The answer must be a word-for-word copy of the records below, with every picture left out.

[Source data]
==========
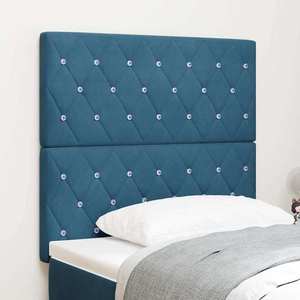 vidaXL Tăblie LED Argyle cu headboard Albastru închis 100 cm Catifea imagine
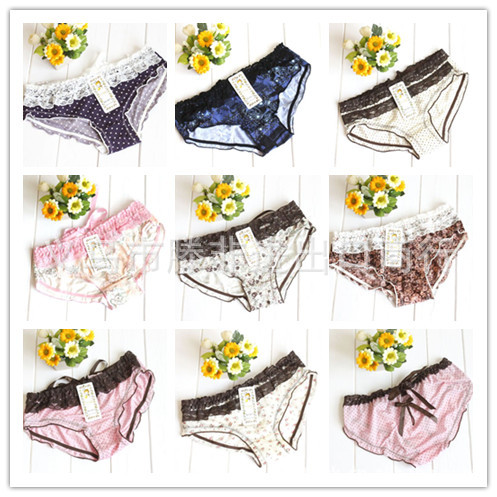 【批发韩版荷叶边加蕾丝花边女式<em>内裤</em>,4017#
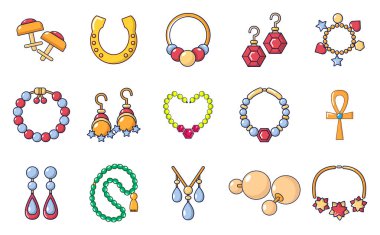 Jewerly simge seti, karikatür tarzı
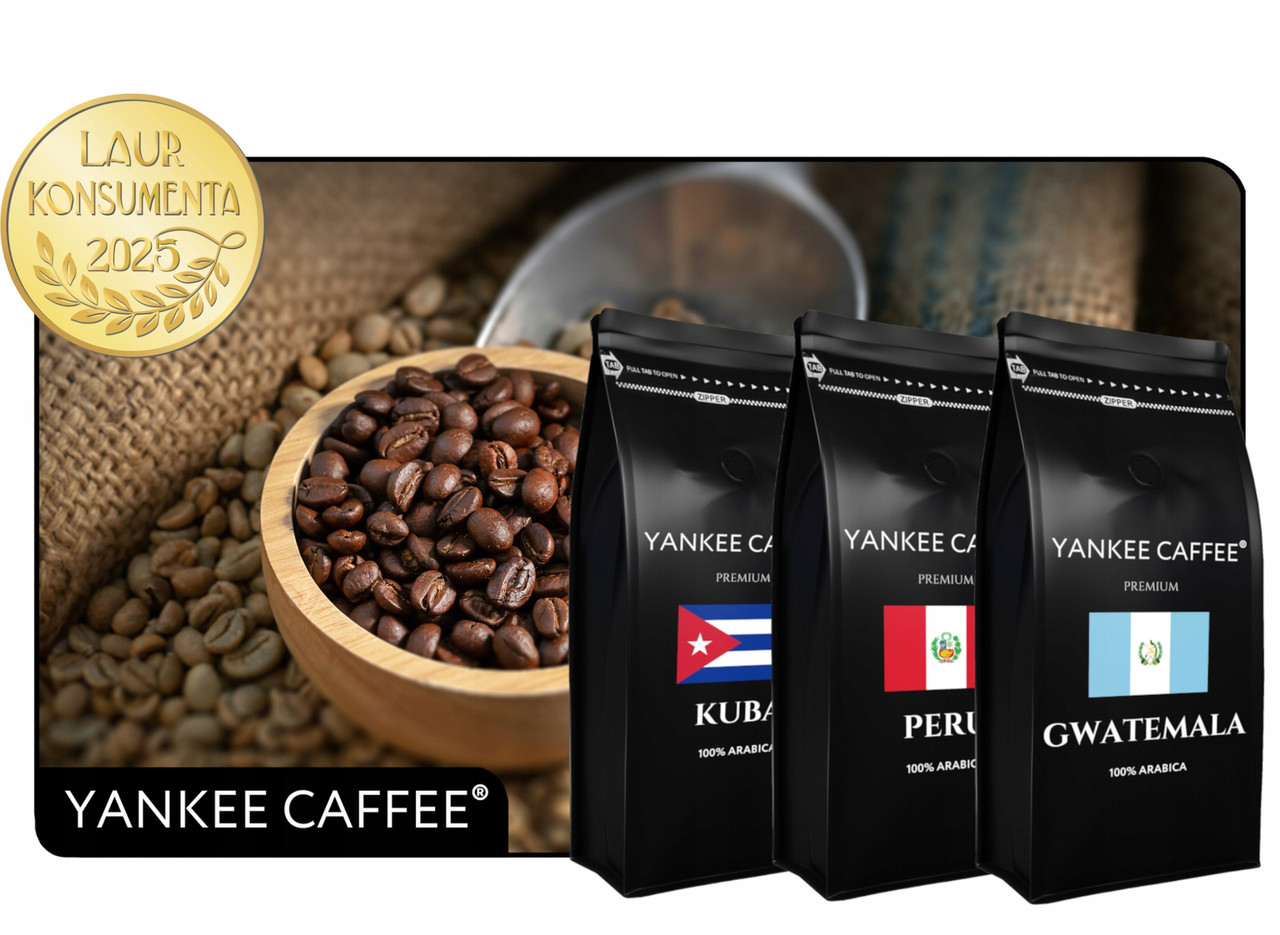 Кава в зернах арабіка Yankee Caffee набір 3 по 1kg гватемала перу куба 3000 свіжосмажена 3x1kg різних країн для кавомашини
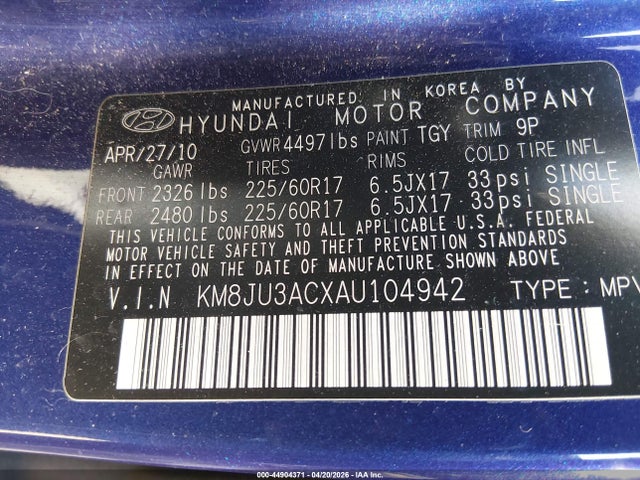 2010 Hyundai Tucson Gls მანქანა იყიდება აუქციონზე, vin: KM8JU3ACXAU104942, აუქციონის ნომერი: 44904371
==========
- _Your solution_
 vidaXL Tăblie LED Argyle cu headboard Albastru închis 100 cm Catifea imagine
 【批发韩版荷叶边加蕾丝花边女式<em>内裤</em>,4017#
 Jewerly simge seti, karikatür tarzı
 Кава в зернах арабіка Yankee Caffee набір 3 по 1kg гватемала перу куба 3000 свіжосмажена 3x1kg різних країн для кавомашини
 2010 Hyundai Tucson Gls მანქანა იყიდება აუქციონზე, vin: KM8JU3ACXAU104942, აუქციონის ნომერი: 44904371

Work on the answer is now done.